ACTIVITY ->
Give back the full data, unchanged and complete.

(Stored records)

☆ ☆ ☆ ☆

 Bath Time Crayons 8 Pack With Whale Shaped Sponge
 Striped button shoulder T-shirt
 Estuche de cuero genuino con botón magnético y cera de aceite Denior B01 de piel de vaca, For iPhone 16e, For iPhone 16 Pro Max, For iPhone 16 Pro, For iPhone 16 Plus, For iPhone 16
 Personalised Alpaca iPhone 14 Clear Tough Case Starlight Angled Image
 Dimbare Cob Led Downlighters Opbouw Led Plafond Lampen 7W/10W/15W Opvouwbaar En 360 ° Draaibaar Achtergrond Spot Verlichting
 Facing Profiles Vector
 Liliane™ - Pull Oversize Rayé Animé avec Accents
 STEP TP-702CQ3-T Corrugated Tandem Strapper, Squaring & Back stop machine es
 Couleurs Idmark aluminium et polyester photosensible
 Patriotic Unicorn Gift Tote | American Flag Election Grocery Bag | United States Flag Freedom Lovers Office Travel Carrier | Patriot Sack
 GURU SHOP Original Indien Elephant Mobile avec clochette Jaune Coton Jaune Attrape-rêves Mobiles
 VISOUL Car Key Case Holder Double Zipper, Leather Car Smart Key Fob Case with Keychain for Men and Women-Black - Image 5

☆ ☆ ☆ ☆

TASK RESULT ->
 Bath Time Crayons 8 Pack With Whale Shaped Sponge
 Striped button shoulder T-shirt
 Estuche de cuero genuino con botón magnético y cera de aceite Denior B01 de piel de vaca, For iPhone 16e, For iPhone 16 Pro Max, For iPhone 16 Pro, For iPhone 16 Plus, For iPhone 16
 Personalised Alpaca iPhone 14 Clear Tough Case Starlight Angled Image
 Dimbare Cob Led Downlighters Opbouw Led Plafond Lampen 7W/10W/15W Opvouwbaar En 360 ° Draaibaar Achtergrond Spot Verlichting
 Facing Profiles Vector
 Liliane™ - Pull Oversize Rayé Animé avec Accents
 STEP TP-702CQ3-T Corrugated Tandem Strapper, Squaring & Back stop machine es
 Couleurs Idmark aluminium et polyester photosensible
 Patriotic Unicorn Gift Tote | American Flag Election Grocery Bag | United States Flag Freedom Lovers Office Travel Carrier | Patriot Sack
 GURU SHOP Original Indien Elephant Mobile avec clochette Jaune Coton Jaune Attrape-rêves Mobiles
 VISOUL Car Key Case Holder Double Zipper, Leather Car Smart Key Fob Case with Keychain for Men and Women-Black - Image 5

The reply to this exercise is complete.